Jorge Alvarado was unanimously appointed chief public defender by an 11-member commission, which interviewed four other candidates for the position.
Commission chairman Michael Stout said Alvarado will assume the job next month of running the Public Defender Department. He said Alvarado “showed a passion for indigent defense.”
- Albuquerque Public Schools Superintendent Winston Brooks urged teachers not to quit despite low morale that he blames on the state. Specifically...
So what’s behind the letter? Brooks says teachers are fed up with changes the state's made.
“I'd say 75 percent of it is directly related to the new evaluation system from PED,” said Brooks.
- The Tucumcari City Commission will revisit the firing of the city manager.
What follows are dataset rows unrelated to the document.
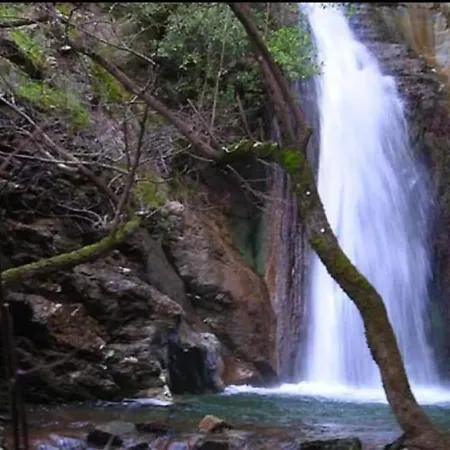 Ferula Romantica Mansarda Tra Fiumi E Montagne Sardegna *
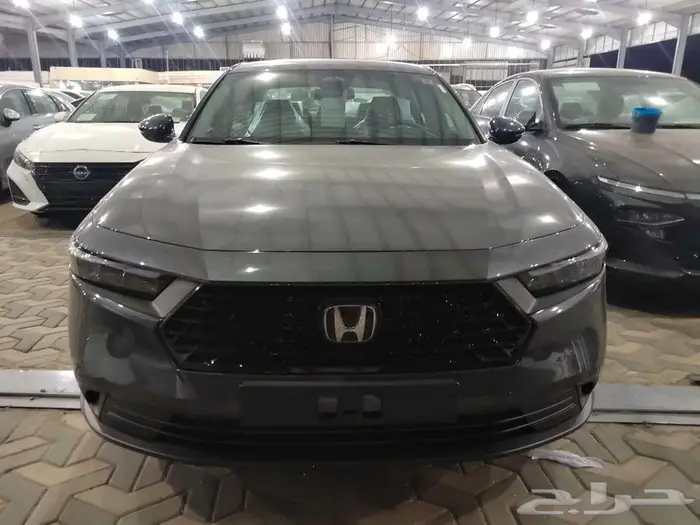 هوندا اكورد LX موديل 2025 1
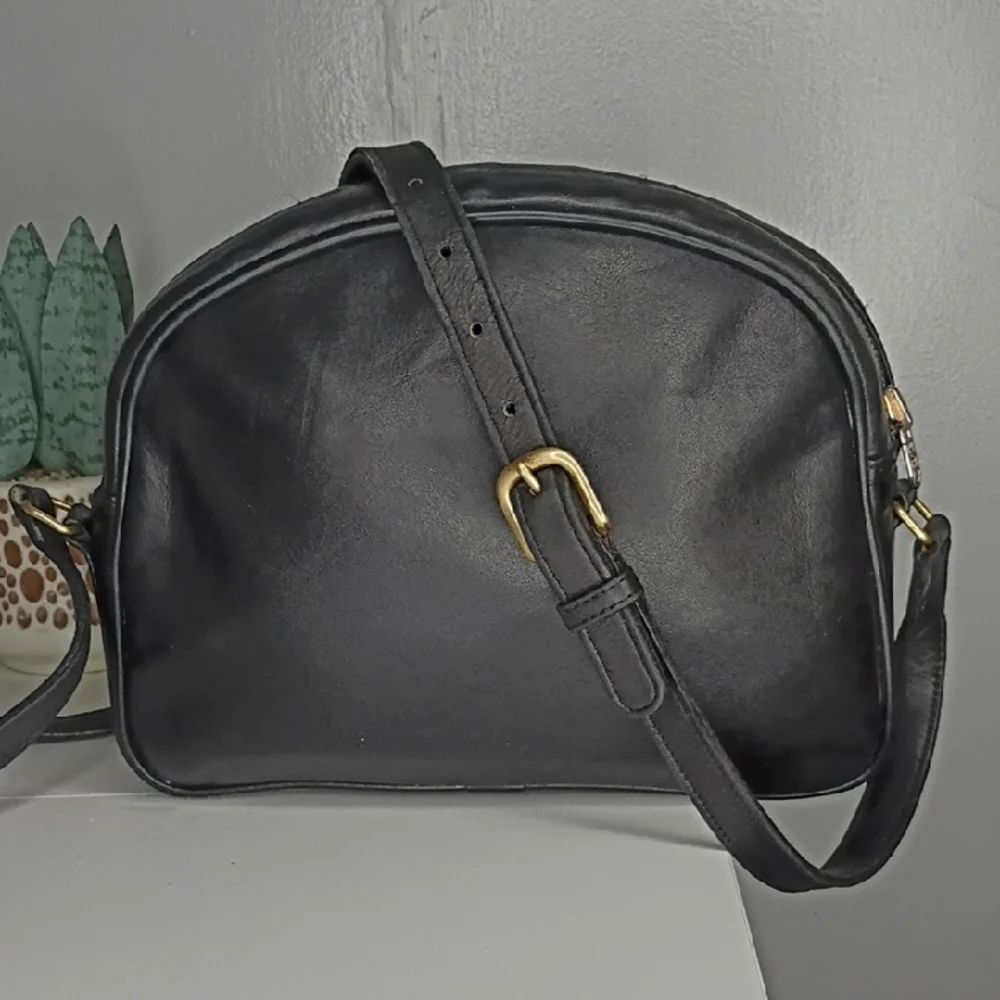 80s Vintage Coach Classic Black Leather Crossbody Bag -  0479-021 Half Moon Rare - Picture 2 of 13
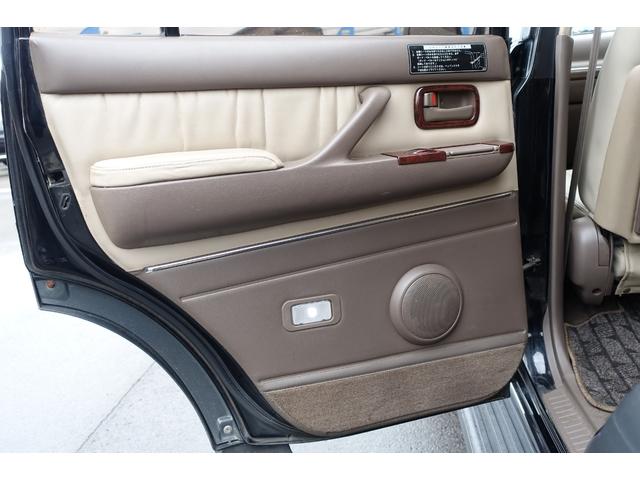 ランドクルーザー80 限定生産台数500台特別仕様車VXリミテッドLパッケージ 3インチリフトアップBFグッドリッジマッドタイヤクリスタルヘッドライトUSコーナーレンズスモークLEDテールガナドールマフラーGD4ソレックスヒッチメンバー社外ナビTVバイパーエンジンスターター(35枚目)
The commission voted 3-2 at its previous meeting on Sept. 26 to fire Powers as city manager in a move that was not previously announced or discussed in any other meetings of the council, whether in public or in executive session. Commissioner Jimmy Sandoval moved that Powers be fired. Commissioners Dora Salinas-McTigue and Ernie Dominguez voted with Sandoval for the dismissal. Mayor Amiel Curnutt and Commissioner Robert Lumpkin voted against the motion. McTigue could not be reached Tuesday for comment about the reinstatement attempt. Sandoval would not comment about the dismissal.
- Bernalillo County commissioners voted 4-1 to ban picketing outside a single house.
- Los Alamos Magistrate Court Judge Pat Casados will run for a fourth term.
“You start looking at your job in a new way when you become a mentor,” she said, adding she was also re-elected secretary-treasurer of the New Mexico Magistrate Judges Association, which furthers her commitment to an office she’s held since 2003.
“I still love the job, and I also have some projects I’ve started that I want to see finished,” she said.
- Bridge Street in Las Vegas, NM was named one of the top-ten streets in the country.
- Aztec moved forward with asking for funding for flooding cleanup.